Wednesday, October 17, 2007

A Bay Area couple with two kids can't make it on $50,000 a year

The San Francisco Chronicle reports:
Maria Frias thinks of herself as middle class.

She works as an office manager for Bay Area Legal Aid, where she draws a salary of about $27,000 a year. Her husband, Ricardo, drives a laundry truck and takes in about $26,000.

But all they can afford is a $750-a-month, one-bedroom apartment in San Francisco's Excelsior neighborhood. They sleep in the same room as their daughters, Stephanie, 10, and Andrea, 6. They have no telephone. And Frias has to set aside about $400 a month to pay off a credit card balance that went into collection.

"It's so hard," Frias said. "I'm falling behind."

The hard truth is that $53,000 a year doesn't cut it anymore in the Bay Area. Tens of thousands of working families in the region, even those with what many would consider decent-paying jobs, find a modestly comfortable standard of living is out of their reach.

A family of four in the Bay Area with two working adults must earn $77,069, equaling an hourly wage of $18.53, just to pay for basic necessities, a study released today calculates. If only one adult works, that figure falls to $53,075, largely because the family doesn't have to pay for child care, according to the report by the California Budget Project, a liberal Sacramento research group.

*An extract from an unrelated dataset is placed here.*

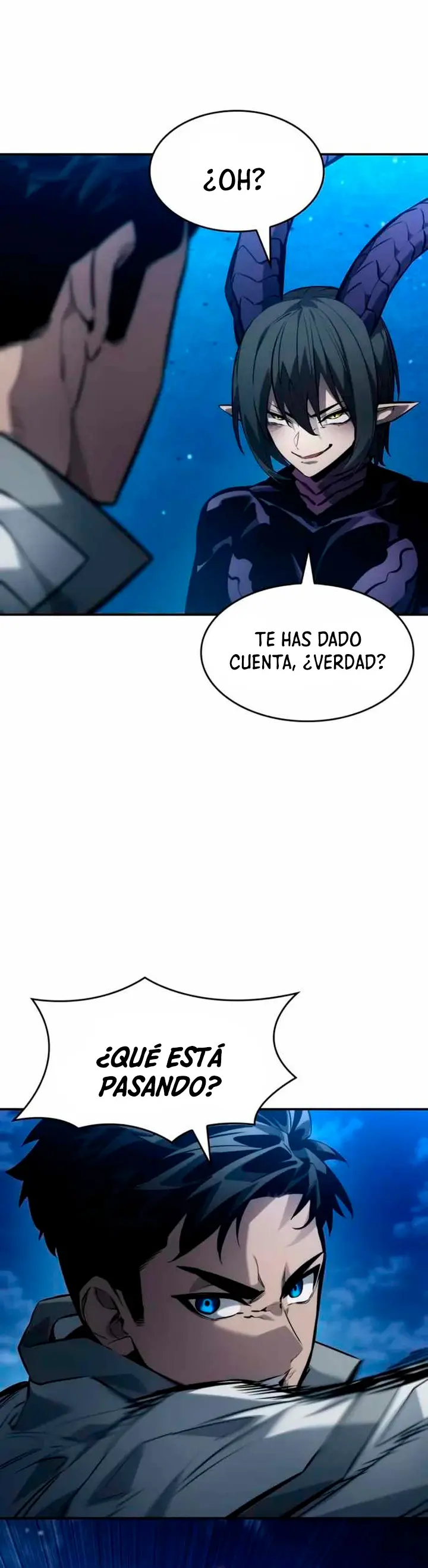 Nigromante sin limites capítulo 159 página 21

But that one wage-earner must make $25.52 an hour.

And a single parent with two children needs to take in $65,864 annually, at an hourly wage of $31.67, to cover expenses, the Budget Project figures.

Statewide, the two-working-parent family needs an annual income of $72,343 to cover necessities; the family with one working adult must earn $50,383.

That's in a state with one of the highest minimum hourly wages in the country - $7.50. In San Francisco, the minimum wage is even higher, $9.14. The federal minimum wage is $5.85.

"Most Californians live on less than $50,000," said Michael Shires, an associate professor of public policy at Pepperdine University.
Places with affordable real estate don't seem to have these problems.